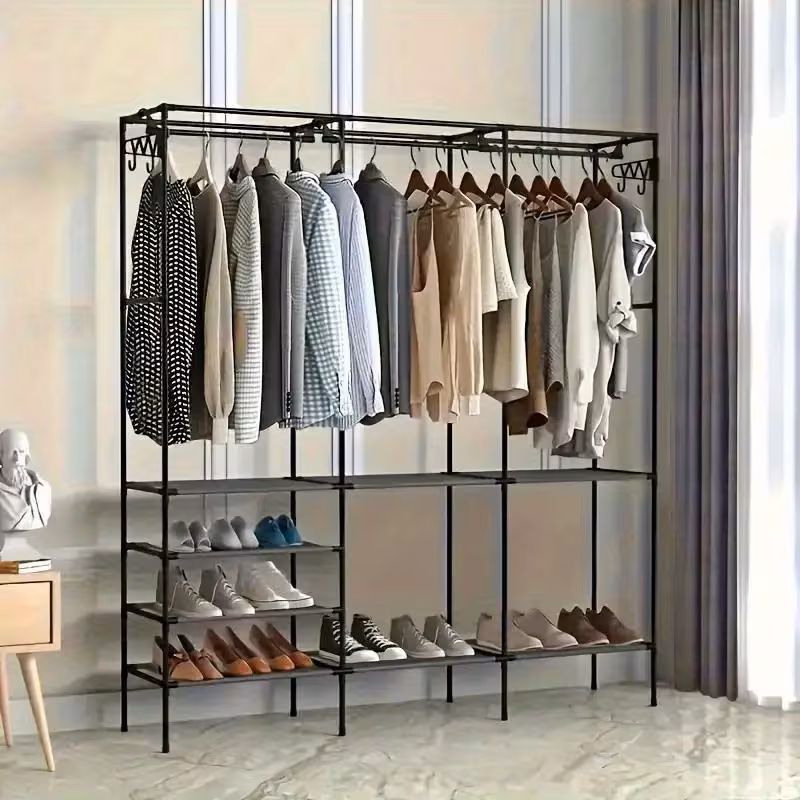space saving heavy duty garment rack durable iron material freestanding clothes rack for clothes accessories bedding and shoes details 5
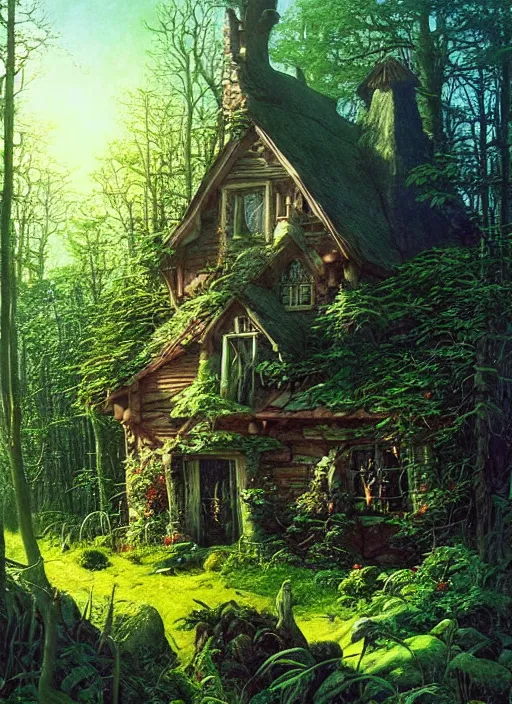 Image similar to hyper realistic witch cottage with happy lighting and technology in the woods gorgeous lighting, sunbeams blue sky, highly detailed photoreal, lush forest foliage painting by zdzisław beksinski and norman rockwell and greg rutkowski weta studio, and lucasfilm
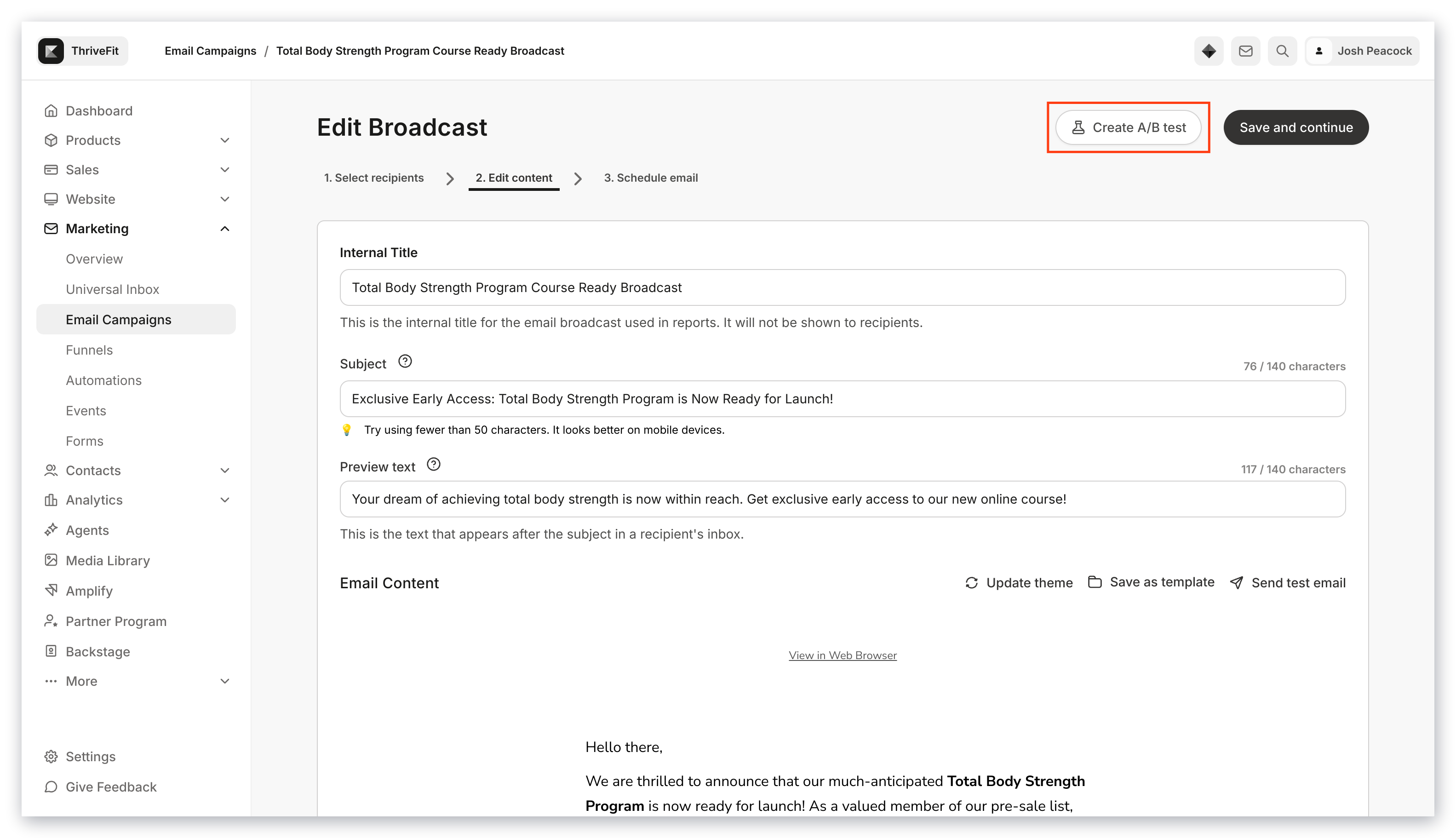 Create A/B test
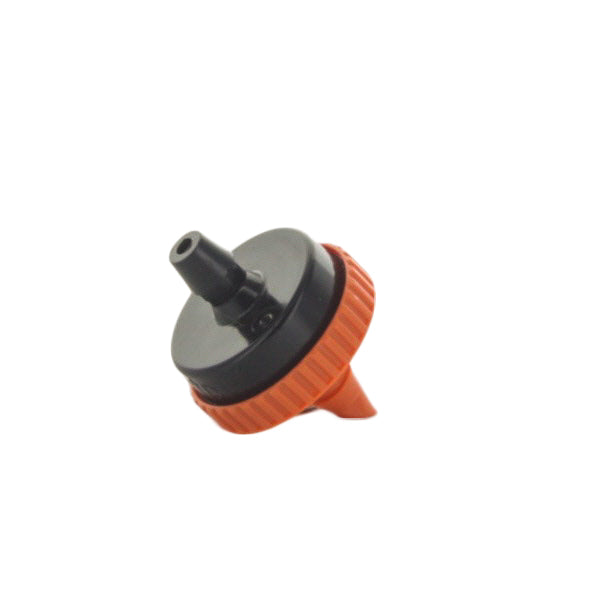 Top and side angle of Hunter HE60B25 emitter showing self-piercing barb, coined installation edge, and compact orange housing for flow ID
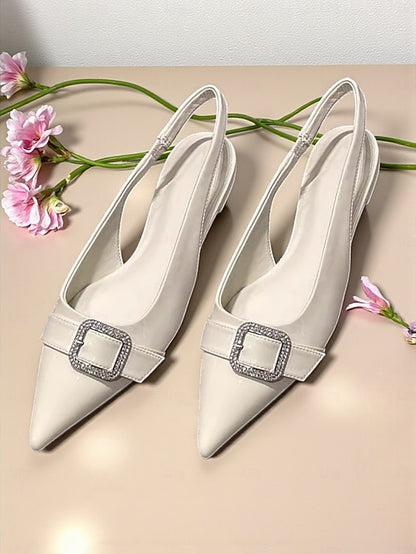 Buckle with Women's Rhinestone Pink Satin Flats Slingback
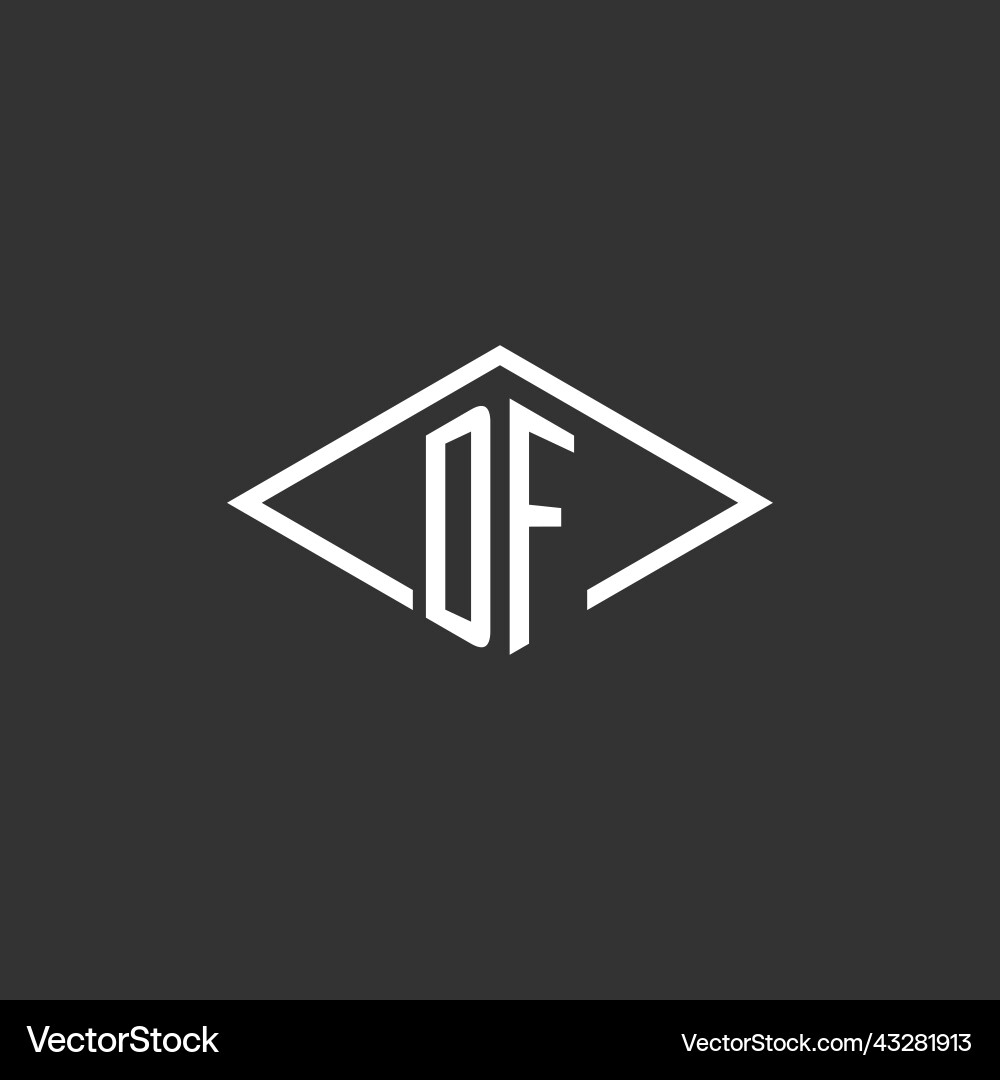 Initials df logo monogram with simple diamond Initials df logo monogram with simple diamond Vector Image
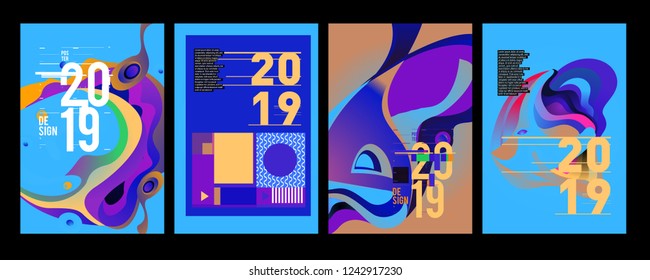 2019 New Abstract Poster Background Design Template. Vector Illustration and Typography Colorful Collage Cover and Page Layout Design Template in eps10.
§ §
> [Exercise brief] Leave the pictures out and output all of the data verbatim.

> [Solution below]
space saving heavy duty garment rack durable iron material freestanding clothes rack for clothes accessories bedding and shoes details 5
 Image similar to hyper realistic witch cottage with happy lighting and technology in the woods gorgeous lighting, sunbeams blue sky, highly detailed photoreal, lush forest foliage painting by zdzisław beksinski and norman rockwell and greg rutkowski weta studio, and lucasfilm
 Create A/B test
 Top and side angle of Hunter HE60B25 emitter showing self-piercing barb, coined installation edge, and compact orange housing for flow ID
 Buckle with Women's Rhinestone Pink Satin Flats Slingback
 Initials df logo monogram with simple diamond Initials df logo monogram with simple diamond Vector Image
 2019 New Abstract Poster Background Design Template. Vector Illustration and Typography Colorful Collage Cover and Page Layout Design Template in eps10.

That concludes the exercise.